Government plans to invest up to GH¢10million to train young walkabouts in dressmaking, masonry and carpentry.
Employment Minister Haruna Iddrisu told Joy FM’s Super Morning Show, the National Vocational Training Institute (NVTI) is being considered for a sizeable budgetary support.
The Youth Employment Agency (YEA) in partnership with a financially-motivated NVTI will train a “large army and a large pool of JSS and SHS graduates.”
The unemployment situation in Ghana is a “crisis”, the Minister pointed out, a crisis made even more difficult to tackle because of the lack of credible data on the situation.
But government’s plan to pay for the training of unemployed teens and young adults has come under attack from policy think-tank IMANI.
President of the group, Franklin Cudjoe prefers to see government leave job-creation to the private sector.
“Let us not even entertain the thought of government employment schemes,” he said explaining it very easily degenerates into corruption.

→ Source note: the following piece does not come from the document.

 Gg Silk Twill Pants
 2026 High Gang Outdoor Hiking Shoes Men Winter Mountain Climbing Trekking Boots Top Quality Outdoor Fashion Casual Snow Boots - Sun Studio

The anti-welfare policy activist explained that the problem of unemployment in Ghana is because of the failure of governments to get the best out of the first, second cycle and tertiary education institutions.
“When you decide to upgrade polytechnics into technical universities, when you decide that you will change SHS to four-years and back to three-years…that to me is the heart of the matter”.
Franklin Cudjoe hinted that government is considering pushing SHS study duration back to four years introduced by the erstwhile NPP government. The NDC government vigorously campaigned to slash it to 3-years if it won power in 2008 and did exactly that after winning the election.
According to Franklin, government has now seen the “folly” of the change.
The President of IMANI also stated that government’s plan to convert polytechnics to technical universities is premised on a wrong motive.
According to him, the conversion is mainly to put polytechnic lecturers at par with university lecturers in terms of salaries.
He said the agenda of polytechnics which is to train and hone technical skills has been undermined over the years partly because of disjointed government policies.
“We don’t value those who go to technical institutions,” he complained.
He said the unemployment situation created by weak educational system, therefore, cannot be solved by another programme like the Youth Employment Agency.
To the staunch liberal, it will be “very easy” for the YEA to fail, too, like its predecessor, GYEEDA.